**Exercise inputs**
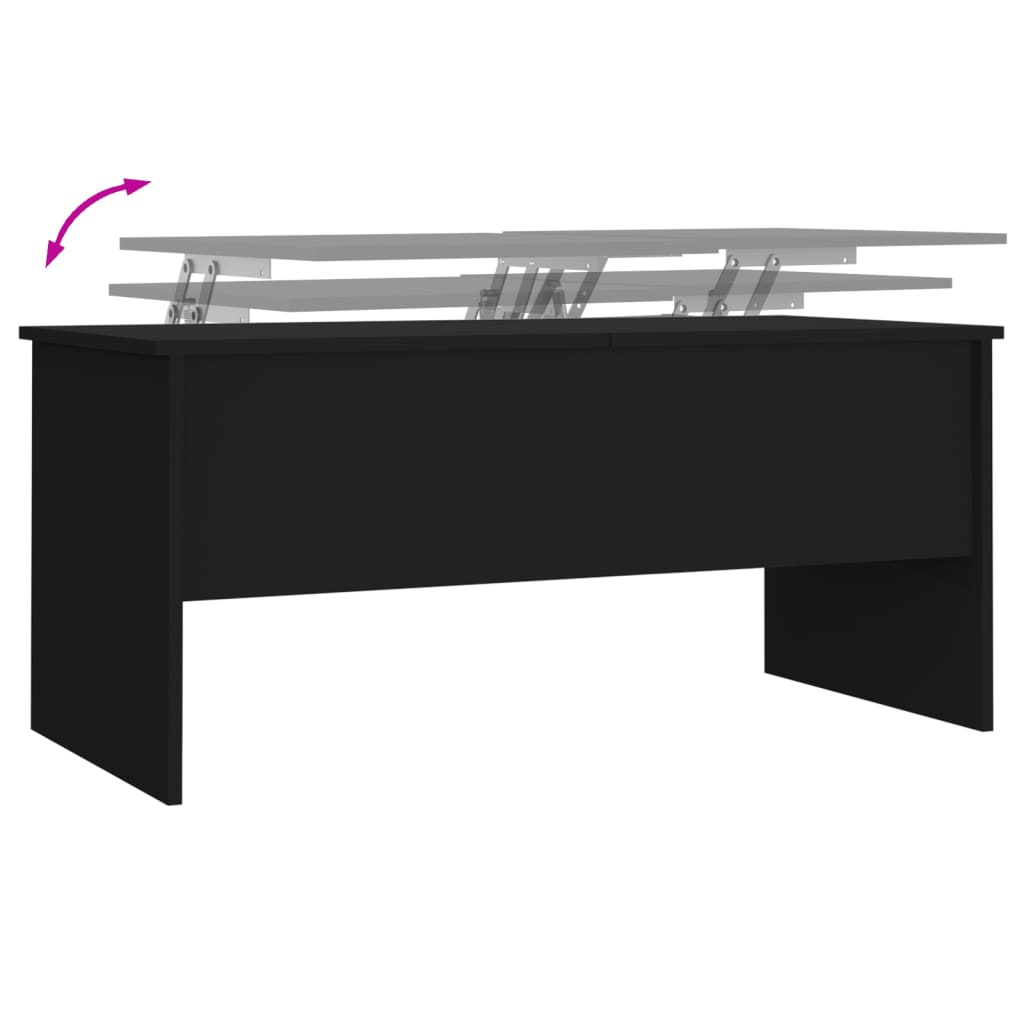  Coffee Table, Black 102x50.5x46.5 Cm, Wood-based Material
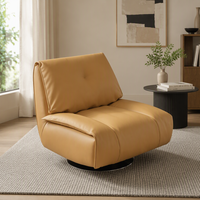 Fauteuil pivotant moderne en cuir écologique Y-620, fauteuil simple pour salon, structure en métal, pieds en acier carbone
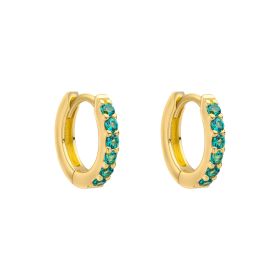 Green Crystal Hoop Earrings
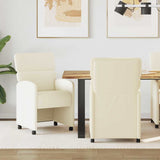 vidaXL Dining Chairs with Wheels 2 pcs Cream 58 x 65 x 98 cm
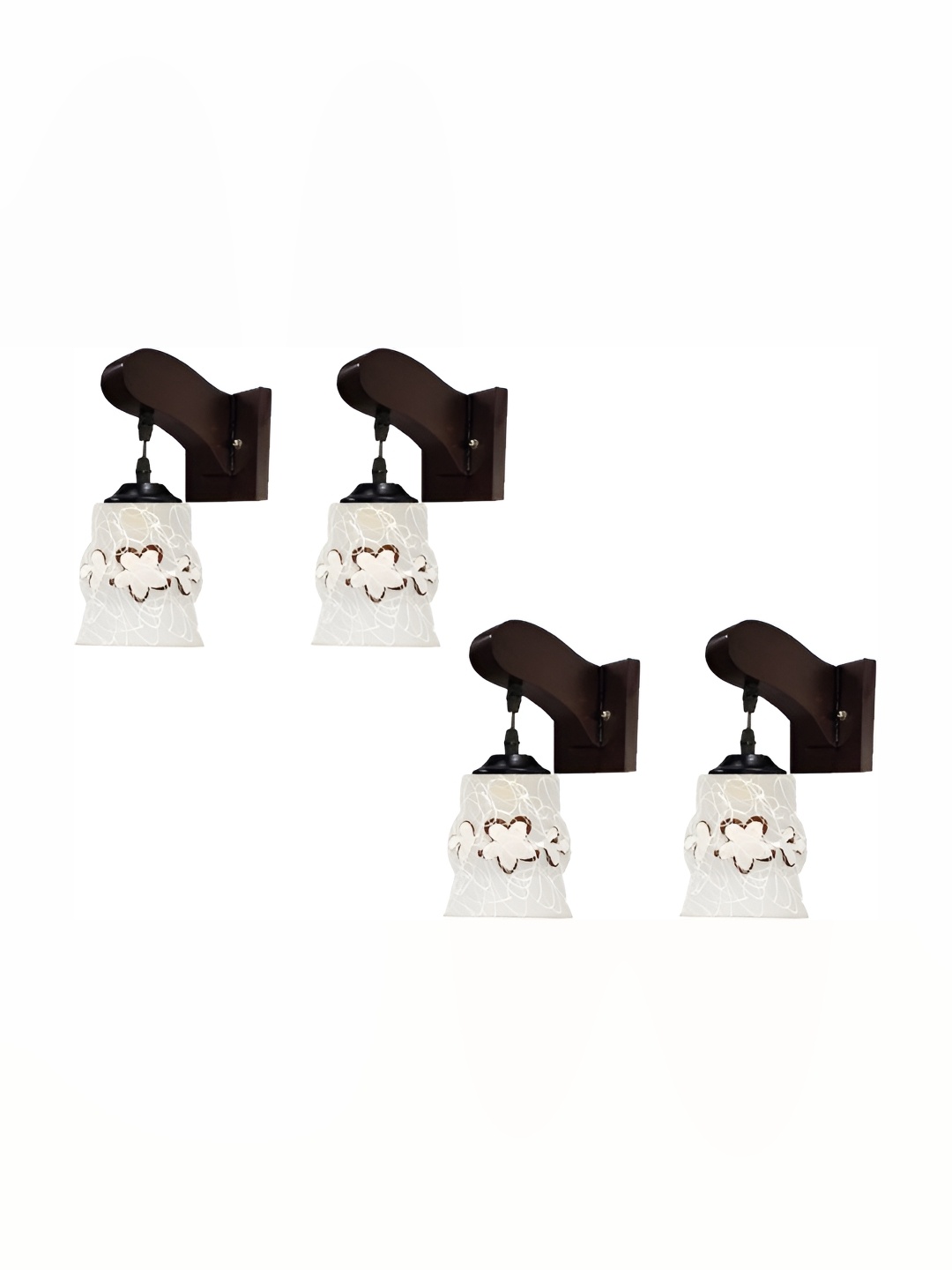 

1ST TIME White & Brown 4 Pcs Printed Glass Rectangle Shaped Wall Lamps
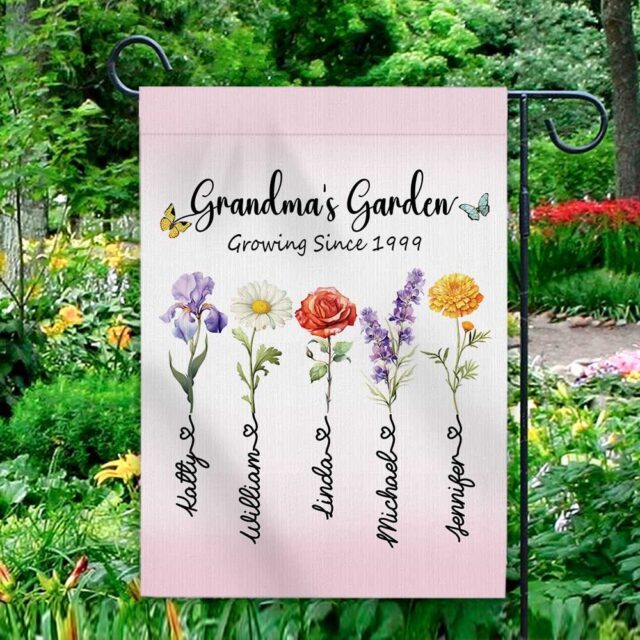 July 4th Garden Flag – Custom Birth Month Flower with Name for Grandma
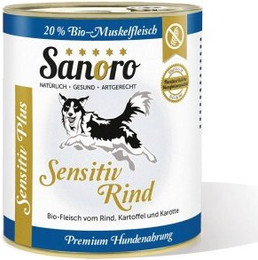 Produktbild von Sanoro Sensitiv PLUS Bio-Rind mit Bio-Kartoffel und Bio-Karotte - 6 x 800 g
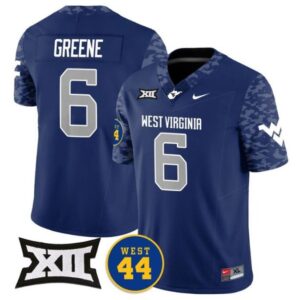 Garrett Greene  #6 West Virginia Mountaineers Vapor West 44 Patch  All  Navy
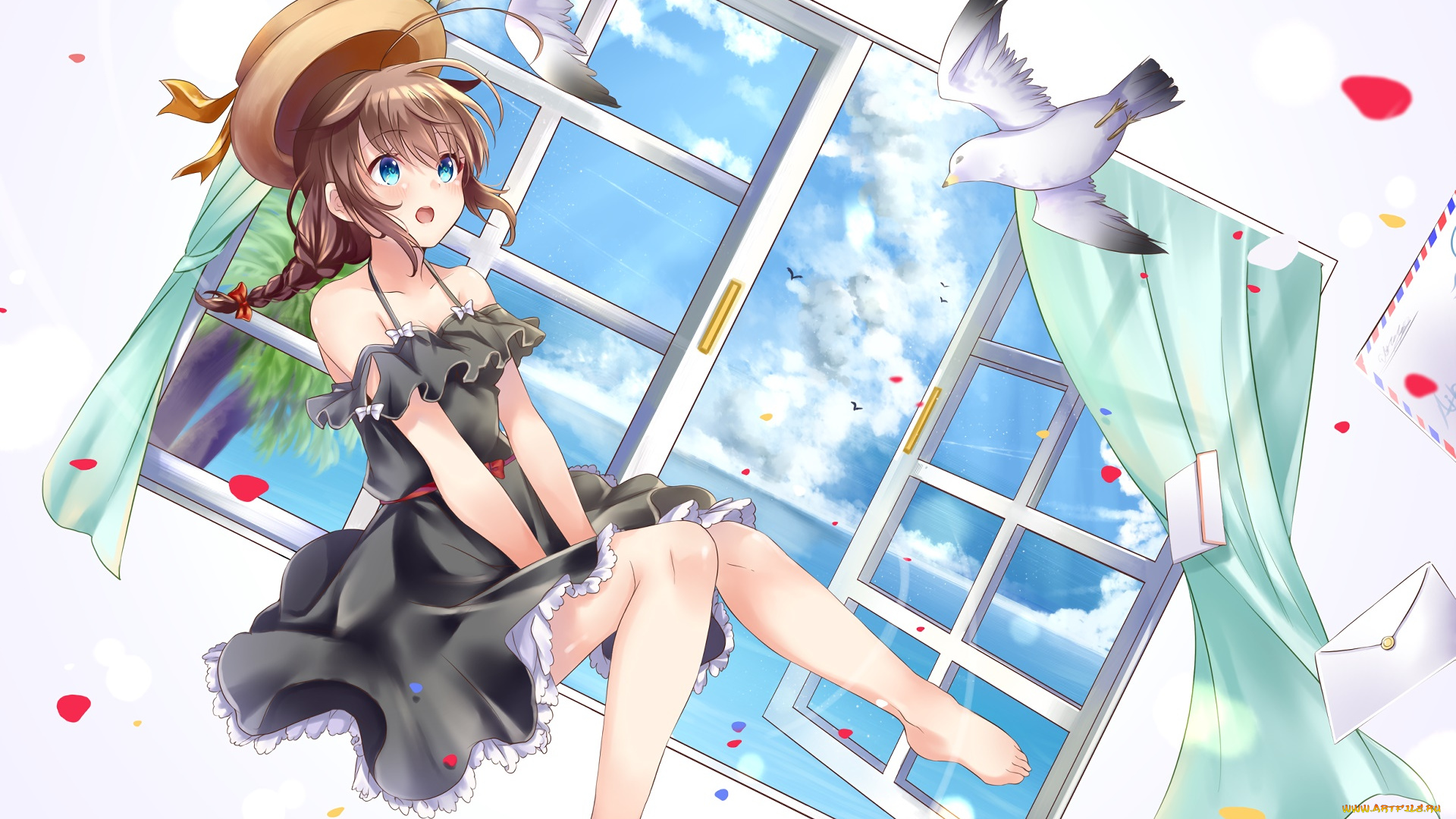 аниме, животные, , существа, взгляд, девушка, фон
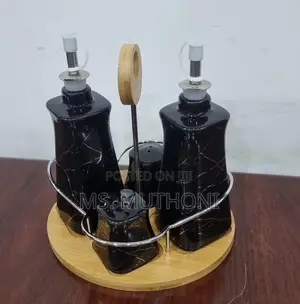 Set of 4 Ceramic Gravy Boat Season Oil Dispenser and Shaker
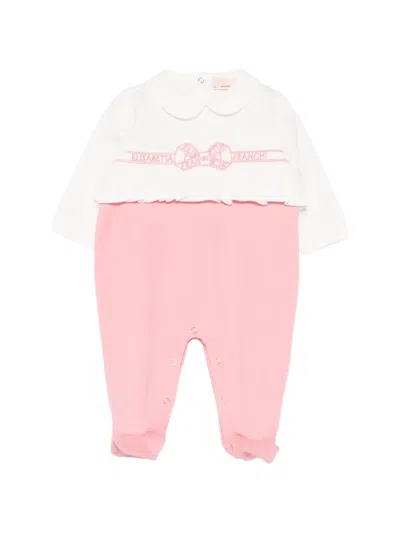 Elisabetta Franchi La Mia Bambina Babies' Bow Pajama In Pink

**What you need to do**
Only the lines from the line with "Produktbild von Sanoro" to the bottom of the material above should be reproduced, exactly and without pictures.

**Result below**
 Produktbild von Sanoro Sensitiv PLUS Bio-Rind mit Bio-Kartoffel und Bio-Karotte - 6 x 800 g
 Garrett Greene  #6 West Virginia Mountaineers Vapor West 44 Patch  All  Navy
 аниме, животные, , существа, взгляд, девушка, фон
 Set of 4 Ceramic Gravy Boat Season Oil Dispenser and Shaker
 Elisabetta Franchi La Mia Bambina Babies' Bow Pajama In Pink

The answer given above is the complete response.